Class 3-E is special. So special, in fact, that it’s completely separate from the rest of Kunugigaoka Junior High School. This isn’t necessarily the good type of special, though, as the rest of the student body knows Class 3-E as the final destination of hopeless students. Kids with behavioral problems, bad grades, and whatever else caused them to have trouble staying in line with the rest of the school end up here, and that’s precisely why it’s the perfect place for the Japanese government to keep an Earth-shattering secret. An alien that comes to be named Koro-sensei is teaching Class 3-E, and if the students aren’t able to assassinate him before graduation, he’s going to obliterate Earth.
Koro-sensei is an oddball alien. His flowing robes cover up an unknown amount of writhing tentacles, and sitting atop it all is a perfectly spherical head that looks like a twisted emoticon. Despite his occasionally cheery demeanor, Koro-sensei is capable of moving at Mach 20, and even though the class is armed with guns, knives, and other weapons that can only harm Koro-sensei, he evades it all with a casual style more suited to lazily reclining on the beach. It’s up to Nagisa Shiota and the rest of the students, including the hot-headed and devious Karma Akabane, to come up with a surefire way of ending this threat once and for all.
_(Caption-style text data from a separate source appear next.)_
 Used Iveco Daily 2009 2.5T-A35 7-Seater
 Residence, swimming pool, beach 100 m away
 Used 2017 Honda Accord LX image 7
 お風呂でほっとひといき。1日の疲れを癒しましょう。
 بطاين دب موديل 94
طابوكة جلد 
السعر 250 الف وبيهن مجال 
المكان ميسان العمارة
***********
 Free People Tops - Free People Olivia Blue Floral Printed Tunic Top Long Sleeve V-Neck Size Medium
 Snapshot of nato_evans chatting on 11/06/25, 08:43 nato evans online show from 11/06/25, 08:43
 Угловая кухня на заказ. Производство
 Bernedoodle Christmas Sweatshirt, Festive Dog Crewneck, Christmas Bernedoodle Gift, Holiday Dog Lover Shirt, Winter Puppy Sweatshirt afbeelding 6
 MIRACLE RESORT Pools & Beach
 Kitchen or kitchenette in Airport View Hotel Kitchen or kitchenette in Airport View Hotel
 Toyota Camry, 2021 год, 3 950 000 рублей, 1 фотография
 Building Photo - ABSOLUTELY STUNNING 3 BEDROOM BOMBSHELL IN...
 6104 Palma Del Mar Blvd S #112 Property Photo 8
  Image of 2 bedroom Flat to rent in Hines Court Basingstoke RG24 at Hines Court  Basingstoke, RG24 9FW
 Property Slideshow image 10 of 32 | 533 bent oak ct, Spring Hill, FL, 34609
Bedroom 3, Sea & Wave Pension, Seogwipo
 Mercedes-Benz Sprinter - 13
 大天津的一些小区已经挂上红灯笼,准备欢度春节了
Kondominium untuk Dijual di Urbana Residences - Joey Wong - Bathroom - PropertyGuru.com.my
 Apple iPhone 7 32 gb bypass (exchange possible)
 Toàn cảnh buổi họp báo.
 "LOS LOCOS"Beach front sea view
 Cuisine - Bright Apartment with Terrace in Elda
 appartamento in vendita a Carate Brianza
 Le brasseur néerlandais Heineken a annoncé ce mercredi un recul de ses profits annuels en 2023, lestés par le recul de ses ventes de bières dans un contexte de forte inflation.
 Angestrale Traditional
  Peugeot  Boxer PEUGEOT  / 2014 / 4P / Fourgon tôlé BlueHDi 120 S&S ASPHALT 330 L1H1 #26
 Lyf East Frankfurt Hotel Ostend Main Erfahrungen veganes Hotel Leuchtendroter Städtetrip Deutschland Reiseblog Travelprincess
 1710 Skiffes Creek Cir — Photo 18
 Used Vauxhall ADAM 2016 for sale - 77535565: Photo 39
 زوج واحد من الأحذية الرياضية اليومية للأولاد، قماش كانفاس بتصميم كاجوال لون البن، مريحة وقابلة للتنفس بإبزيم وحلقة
Assassination Classroom absolutely would not work if Koro-sensei were just some evil jerk. The entire narrative hinges on the fact that he’s actually a really good teacher, committed to the practice thanks to a still-mysterious promise. The first volume is full of assassination attempts, some more clever than others, and Yusei Matsui tosses in some solid humor along with consistently nice linework and efficient action sequences. There’s something oddly charming about Koro-sensei, and it’s not just that rarely-wavering grin. He has so many bizarre alien quirks—like changing color when he’s angry or his guard is down—but it’s the little glimmers of humanity that make him interesting. At one point he dons a (really bad) disguise to attend a baseball game, but it turns out he just wanted to study pitching technique to assist one of his students, something that will ultimately help him become a better assassin. Koro-sensei might not want to die, but he does want his students to succeed.
The first volume of Assassination Classroom has me pretty well sold on the series, at least enough to keep up with it for the time being. The only thing I’m wary of is how well the concept can sustain itself throughout the typical length of a Shonen Jump series. It’s been running since 2012 and has already racked up 12 volumes in Japan, but surely Matsui has some surprises in store. If it continues to entertain as much as the opening chapters, it’ll be another series worth popping in the regular rotation.